[WORK TASK]
Take the lines from the head of the listing through the one bearing "ana celia hernandez" and copy them exactly, leaving every picture out.
SOURCE MATERIAL START
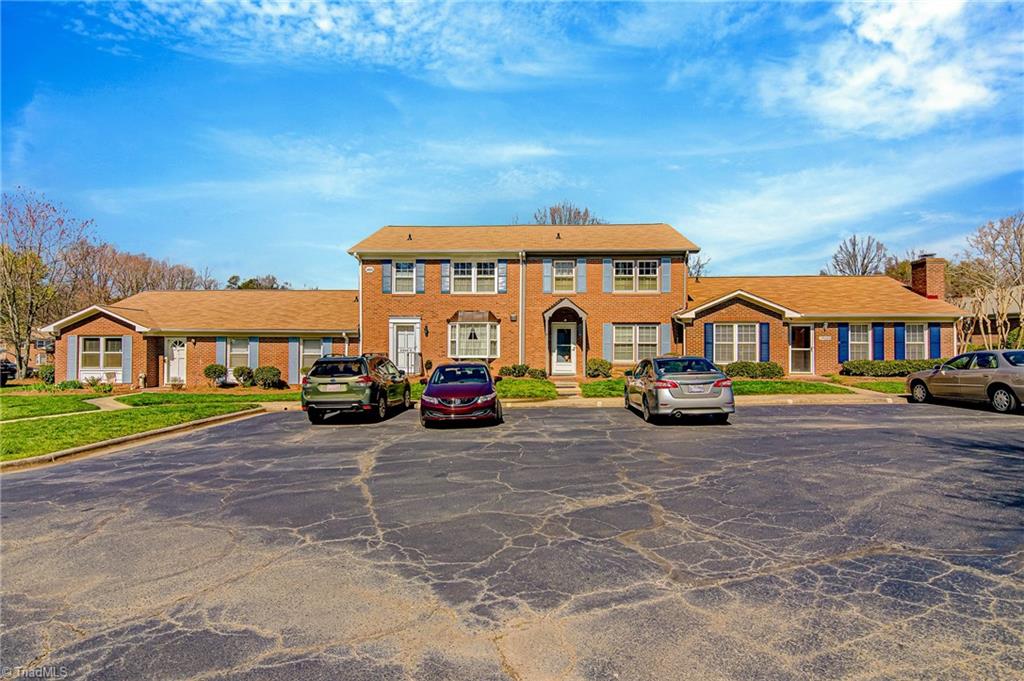4909 Tower Road, Unit B Greensboro, NC 27410 - Photo 3 of 26 Gallery Image 3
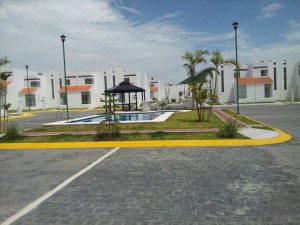 ana celia hernandez  Avisos gratis en Mexico lindo en Cuautla |  Casas con alberca, palapa y asador en las villas residencial, Casas a credito con alberca, estacionamiento, ecologicas y bien ubicad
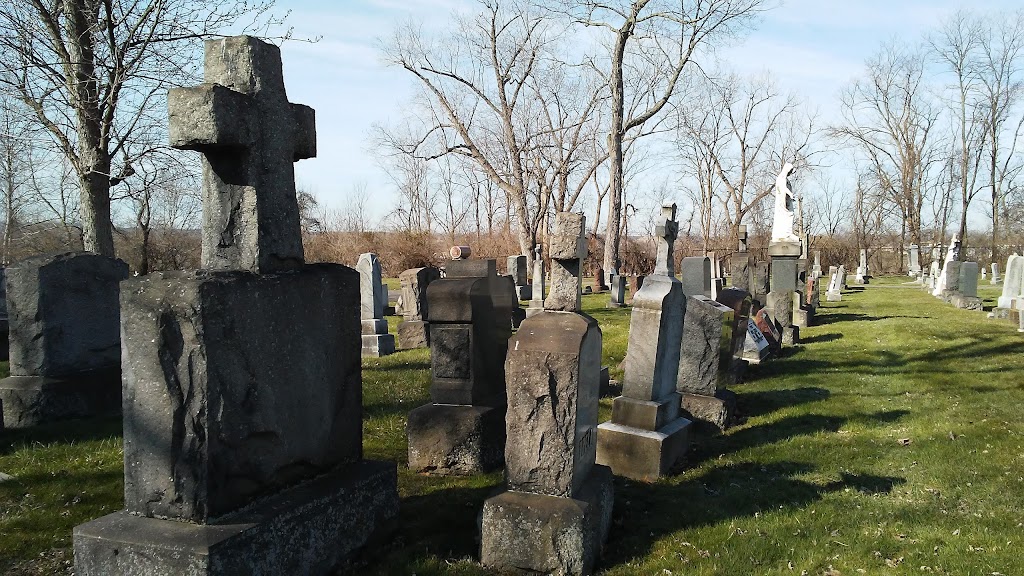 St Marys Cemetery | 4720 E 71st St, Cleveland, OH 44125, USA | Phone: (216) 429-0165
SOURCE MATERIAL END
[SOLVED EXERCISE]
4909 Tower Road, Unit B Greensboro, NC 27410 - Photo 3 of 26 Gallery Image 3
 ana celia hernandez  Avisos gratis en Mexico lindo en Cuautla |  Casas con alberca, palapa y asador en las villas residencial, Casas a credito con alberca, estacionamiento, ecologicas y bien ubicad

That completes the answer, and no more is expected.